### WHAT NEEDS TO BE DONE
Extract, from the records beneath this instruction, each line that contains the word "puppies".

### PROVIDED RECORDS
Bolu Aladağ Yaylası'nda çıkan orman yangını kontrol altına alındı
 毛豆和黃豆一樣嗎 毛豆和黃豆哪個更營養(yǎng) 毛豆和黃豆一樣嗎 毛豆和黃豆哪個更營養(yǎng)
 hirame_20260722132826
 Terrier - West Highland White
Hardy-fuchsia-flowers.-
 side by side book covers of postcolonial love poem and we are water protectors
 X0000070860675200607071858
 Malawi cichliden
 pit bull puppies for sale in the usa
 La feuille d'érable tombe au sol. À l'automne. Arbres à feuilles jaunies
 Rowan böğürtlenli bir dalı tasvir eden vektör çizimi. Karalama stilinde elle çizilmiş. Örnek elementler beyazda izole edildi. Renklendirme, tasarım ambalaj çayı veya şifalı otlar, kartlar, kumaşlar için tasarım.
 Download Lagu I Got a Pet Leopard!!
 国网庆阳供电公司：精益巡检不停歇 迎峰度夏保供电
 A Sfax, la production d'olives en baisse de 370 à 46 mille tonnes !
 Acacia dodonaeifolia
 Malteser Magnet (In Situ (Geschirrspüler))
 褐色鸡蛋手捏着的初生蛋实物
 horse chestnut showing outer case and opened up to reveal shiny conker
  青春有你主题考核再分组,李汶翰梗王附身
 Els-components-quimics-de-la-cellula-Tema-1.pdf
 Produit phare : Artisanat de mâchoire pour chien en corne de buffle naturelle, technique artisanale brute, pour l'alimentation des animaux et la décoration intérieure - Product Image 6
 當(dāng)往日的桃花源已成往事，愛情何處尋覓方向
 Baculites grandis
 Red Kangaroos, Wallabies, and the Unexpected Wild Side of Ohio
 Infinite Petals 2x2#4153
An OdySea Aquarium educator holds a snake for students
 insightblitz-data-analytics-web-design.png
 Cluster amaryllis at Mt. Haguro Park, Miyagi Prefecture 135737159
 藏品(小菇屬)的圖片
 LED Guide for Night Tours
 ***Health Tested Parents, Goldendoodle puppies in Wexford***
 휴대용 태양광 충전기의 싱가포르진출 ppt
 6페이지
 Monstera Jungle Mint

### ANSWER FOR THIS EXERCISE
 pit bull puppies for sale in the usa
 ***Health Tested Parents, Goldendoodle puppies in Wexford***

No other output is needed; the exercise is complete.